NEW for WHBBH9 is our New Publications session where authors of recently published books get ten minutes each to tell us about them- a quick and easy way to make sure you're up with the latest cutting edge research and writing.
Then on to Dramatising Black British History, which actually could have been called 'Dramatising Black Tudor History', because all three writers have tackled 16th century stories: those of Catalina, the Moorish maid to Katherine of Aragon; John Blanke the Tudor court trumpeter, and Fortunatus, servant to Sir Robert Cecil. So you can guess why I'm particularly keen to hear from these writers! These three plays, by Hassan Abdulrazzak, Ade Solanke and Rex Obano respectively, have been performed at Ovalhouse and Colchester Arts Centre, at Hampton Court Palace and on Radio 3 ('The Moors of England' is due to be broadcast on Sunday 4th November at 19.30). It will be fascinating to hear what inspired them to tell these stories, the challenges of working with fragmentary historical sources, and how their work has been received.
We couldn't let 2018 pass without contemplating Windrush: 70 years on. This session will be chaired by historian and activist Patrick Vernon, who has campaigned for full government recognition of the contribution of the Windrush Generation, and of migrants more broadly. We will hear from Wendy Webster how many of the so-called 'Windrush Generation' were actually returning to Britain, having played a significant role in the Second World War; Peggy Warren and Joan Welsh will explore the testimonies of Black British Women about their struggles within the NHS; and Beverley Cooper-Chambers will share her analysis of how Caribbean families are (mis)represented on television. Bringing us right up to date, Clare Anyiam-Osigwe will be talking about the insights she gained through interviews for her short documentary, Windrush Stories.
Our third panel will explore the experiences of those giving Guided Tours of Black British History. Janet Couloute, an art historian and gallery guide at Tate Britain, was standing near an artwork by Lubaina Himid one day when someone asked her "Are you part of the exhibit?" Because of course a woman of colour standing in the middle of an art gallery is much more likely to be a work of art than an authority figure!

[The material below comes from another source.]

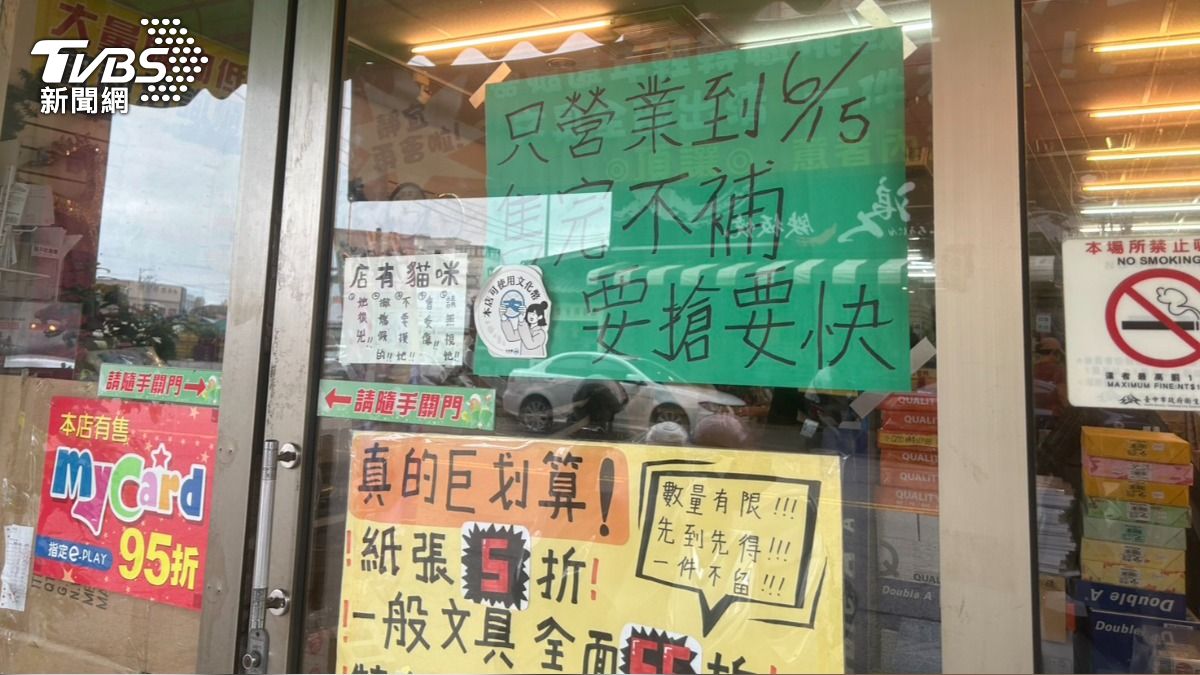 張姓闆娘22歲大學畢業後決定創業，一路經營了17年。（圖／林冠丞攝）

Her presentation will explore the challenge of contesting such assumptions in the art world, and will be complemented by the perspectives of Lisa Williams, who has recently started conducting Black History Tours in Edinburgh, and Tony Warner, of the hugely successful London-based Black History Walks.
To mix up the traditional final thoughts panel, we will be seeking thoughts and comments from the audience, so be ready!
The day will end with a Drinks Reception, where we will launch Kwaku's new book: Disrupting African British Histories?